Passemos a explicar: se o filho apenas recebe atenção dos pais (ou de um adulto que considere importante) quando se porta mal, o mais provável é que continue na senda das asneiras. E é precisamente aqui que entra a ideia do reforço positivo para o bom comportamento. A psicóloga recorda ainda que os pais não devem falar do mau comportamento dos filhos à frente deles, caso contrário há probabilidade de os mais novos continuarem a investir nas asneiras.

4. Respeite as escolhas dos seus filhos e defina batalhas

“Nós somos obcecados pela obediência”, atira Valente, que defende que é preciso dar espaço aos miúdos para que estes possam exercer o seu poder — porque sim, as crianças também têm poder. “Tal como um líder, um pai não pode impor a obediência. O pai deve ser olhado como um mestre que os filhos seguem sem serem chamados“, argumenta, focando que o mau comportamento dos mais pequenos pode significar apenas uma luta, no sentido em que eles também têm uma palavra a dizer. A psicóloga traz ainda à conversa o excesso de regras que existem num ambiente familiar: “Num dia somos capazes de dar centenas de regras às crianças… Os pais devem criar regras verdadeiramente inegociáveis, como aquelas que ditam o trabalho de equipa em casa.”

Cristina Valente

Cristina Valente com os dois filhos. DR

5. Reconheça que existem regras negociáveis

Assumindo que os miúdos têm poder, bem como uma capacidade de iniciativa e autonomia imensas, as birras podem representar o início de uma longa caminhada rumo à sua independência. Caso os pais aceitem isso como verdade, diz Valente, será muito mais fácil identificar o espaço das crianças. Outro ponto importante passa pelo facto de os pais tomarem constantemente decisões em nome dos filhos de modo a protegê-los das consequências, mas também de maneira a proteger a sua imagem enquanto figura parental. “Andamos preocupados com a forma como a sociedade vai avaliar o nosso papel de mãe e de pai, algo que muitas vezes estraga o nosso trabalho ao nível da educação”. Exemplo disso é o filho que bate no pai ou na mãe na rua, à frente de todos, e que leva uma palmada em resposta, o que, caso a situação se tivesse passado entre quatro paredes, talvez não acontecesse.
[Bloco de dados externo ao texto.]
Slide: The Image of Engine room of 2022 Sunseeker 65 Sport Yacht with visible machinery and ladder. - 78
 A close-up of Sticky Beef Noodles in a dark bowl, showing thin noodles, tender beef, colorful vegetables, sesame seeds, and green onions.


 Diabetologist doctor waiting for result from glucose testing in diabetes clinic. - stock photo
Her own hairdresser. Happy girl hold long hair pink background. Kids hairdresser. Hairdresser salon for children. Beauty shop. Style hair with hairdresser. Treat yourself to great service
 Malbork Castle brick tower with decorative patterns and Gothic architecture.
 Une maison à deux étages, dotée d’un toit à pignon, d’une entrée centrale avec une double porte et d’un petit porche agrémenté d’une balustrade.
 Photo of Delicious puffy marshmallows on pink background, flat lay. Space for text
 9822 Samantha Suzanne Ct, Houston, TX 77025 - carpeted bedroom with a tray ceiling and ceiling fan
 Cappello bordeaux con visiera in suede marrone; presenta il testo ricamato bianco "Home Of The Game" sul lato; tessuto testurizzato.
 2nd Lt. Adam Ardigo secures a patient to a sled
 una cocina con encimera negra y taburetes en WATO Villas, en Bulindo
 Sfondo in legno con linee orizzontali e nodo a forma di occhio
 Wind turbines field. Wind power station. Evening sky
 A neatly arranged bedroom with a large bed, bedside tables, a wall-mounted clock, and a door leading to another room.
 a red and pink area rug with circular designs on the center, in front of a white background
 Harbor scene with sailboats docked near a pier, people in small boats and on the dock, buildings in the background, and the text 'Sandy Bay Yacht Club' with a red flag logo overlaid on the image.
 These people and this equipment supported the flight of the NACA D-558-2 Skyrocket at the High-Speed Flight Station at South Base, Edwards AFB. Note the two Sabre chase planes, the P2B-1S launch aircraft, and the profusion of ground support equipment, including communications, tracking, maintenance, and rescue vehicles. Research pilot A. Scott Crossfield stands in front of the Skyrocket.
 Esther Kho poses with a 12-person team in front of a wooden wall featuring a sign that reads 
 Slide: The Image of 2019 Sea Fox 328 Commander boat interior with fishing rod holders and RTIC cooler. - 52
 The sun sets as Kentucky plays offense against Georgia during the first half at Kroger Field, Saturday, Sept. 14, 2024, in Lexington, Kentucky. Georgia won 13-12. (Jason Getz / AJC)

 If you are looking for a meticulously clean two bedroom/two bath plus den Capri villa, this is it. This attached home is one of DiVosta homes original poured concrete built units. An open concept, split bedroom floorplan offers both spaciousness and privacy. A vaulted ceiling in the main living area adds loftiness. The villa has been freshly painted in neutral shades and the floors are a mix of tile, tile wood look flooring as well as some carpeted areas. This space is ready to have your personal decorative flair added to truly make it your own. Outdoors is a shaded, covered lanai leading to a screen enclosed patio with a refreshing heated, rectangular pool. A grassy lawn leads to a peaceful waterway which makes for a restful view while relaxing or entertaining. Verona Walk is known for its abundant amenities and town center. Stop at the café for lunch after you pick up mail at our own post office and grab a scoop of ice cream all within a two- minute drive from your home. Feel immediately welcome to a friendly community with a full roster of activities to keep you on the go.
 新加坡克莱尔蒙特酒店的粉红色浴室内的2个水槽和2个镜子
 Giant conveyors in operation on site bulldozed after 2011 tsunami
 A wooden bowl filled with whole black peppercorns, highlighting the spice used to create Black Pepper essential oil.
6. Antecipe o bom comportamento

Este tópico tem tudo que ver com o bom exemplo que, já dizia o senso comum, deve vir de cima. Neste caso, dos pais. “Muitas vezes pedimos coisas que, nós próprios, não fazemos. Somos muito bons a exigir o exemplo e somos muito maus a dá-lo”, assegura Valente, explicando que não basta um pai pedir determinadas atitudes — tem de colocá-las em prática para miúdo ver. “As crianças têm uma capacidade enorme de imitar os adultos que lhes são importantes. O exemplo não é a melhor forma de educar, é a única.”

7. Trate os seus filhos como gostaria que o tratassem a si

A ideia não é pôr pais e filhos em pé de igualdade em relação a tudo, mas apenas defender que os mais novos devem ser tratados tal e qual os adultos em duas questões muito objetivas, isto é, no respeito e na dignidade. Num mesmo sentido, Cristina Valente coloca em cima da mesa dois conceitos que diz serem facilmente confundidos: “A autoridade remete para o facto de a criança nos seguir, para o facto de sermos o exemplo. Ser-se autoritário, algo que está presente na voz, postura e forma como se fala, faz a criança sentir-se mais insignificante, uma vez que ela já tem noção que é dependente.”

8. Não anule a agressividade dos seus filhos

O que está aqui em causa é permitir que os mais novos expressem a sua agressividade de forma positiva em vez de a reprimir. Para o explicar, a psicóloga recorda o filme de animação Divertida Mente que explora as quatro emoções básicas que todo o ser humano tem: alegria, medo, raiva e tristeza. “Se eu digo ao meu filho que ele não pode sentir raiva, não estou ajudá-lo a canalizar a raiva de uma forma positiva.” A ideia é reconhecer a existência daquele sentimento — vulgarmente presente nas birras — e lidar com ele. Mas antes que os filhos aprendam a gerir as suas próprias emoções, também os pais devem passar pelo mesmo processo, isto porque — repita-se — as crianças aprendem pelo exemplo.